Strategic Implications
Three structural consequences are likely if this interpretation becomes binding precedent:
Expanded removal authority
DHS would have broader statutory tools available when seeking to remove refugees.Increased legal vulnerability during the adjustment process
The mandatory one-year adjustment period would become a more precarious legal moment.Greater systemic uncertainty
Refugee status would be understood as less secure, which could have downstream effects on integration, employment, and admissions policy.
This is a doctrinal shift accomplished through administrative reinterpretation of the law rather than a deliberative process with appropriate stakeholders and congressional oversight.
What This Means for Afghan Refugees
This development does not directly affect the limited number of Afghan Special Immigrant Visa holders, who are admitted as immigrants.
It could affect Afghans admitted through the refugee pathway.
For refugee families, the first year in the United States is already the most fragile period, involving housing, employment, school enrollment, medical care, and legal paperwork. The one-year mark is when refugees are required to apply for adjustment to lawful permanent residence.
If the Attorney General adopts DHS’s approach:
Refugees could face removal under a broader set of legal theories.
Issues traditionally treated under deportability could be reframed as inadmissibility.
The adjustment process would carry greater litigation risk.
Refugee admission would be characterized as conditional rather than durable.
Refugees were admitted with the understanding that they were on a pathway to permanence. Reinterpreting that pathway after arrival raises reliance and fairness concerns.
Impact on the Legal System
If implemented, this shift would:
Increase litigation over charging decisions.
Raise the stakes in removal proceedings.
Expand detention exposure in certain cases.
Generate additional appeals and emergency motions.
Add pressure to already congested immigration courts.
Legal service providers would need to triage more cases under tighter timelines.
Impact on Employers and the Workforce
Refugees are a significant part of the workforce in healthcare support, manufacturing, logistics, hospitality, food processing, and small business.
A shift toward broader removal authority would:
Increase workforce instability.
Create compliance and HR challenges for employers.
Raise the risk of detention or prolonged court proceedings for employees.
Inject uncertainty into local economies that rely on refugee labor.
Legal instability does not remain confined to immigration court. It ripples outward into employers, communities, and state economies.
Impact on Communities and Local Governments
Local governments, schools, and service providers have invested heavily in refugee integration.
If refugee status becomes more conditional:
Community trust declines.
Family stability is disrupted.
Social service systems face greater unpredictability.
Integration efforts become harder to sustain.
Communities that welcomed refugees in good faith may face renewed instability and confusion in partnership with families who believed they were on a secure and durable path.
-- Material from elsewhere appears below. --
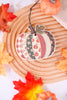 Patchwork Pumpkin Freshie (6 Scents)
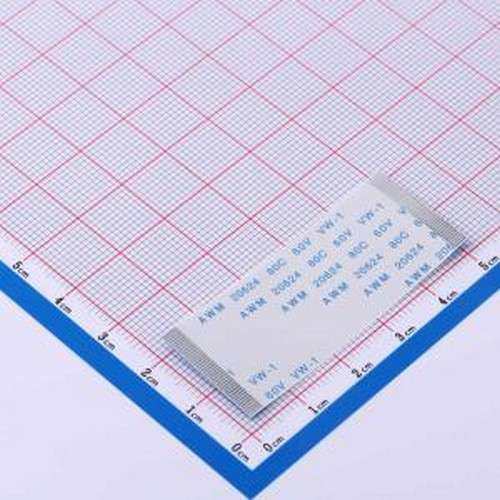 JS05A-40P-050-3-4 FFC连接线(柔性扁平线缆) JS05A-40P-050-3-4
The Broader Systemic Shift
At its core, this is a reinterpretation of what refugee admission means.
For decades, admission as a refugee has functioned as a stable humanitarian commitment leading to permanent residence. The DHS referral asks the Attorney General to reframe that admission as temporary and conditional in a way that expands executive removal authority.
This is not a technical adjustment. It is a substantive shift in how refugee protection is understood under U.S. law.
If adopted, the decision would narrow the security of refugee status nationwide and reshape the legal landscape for thousands of families.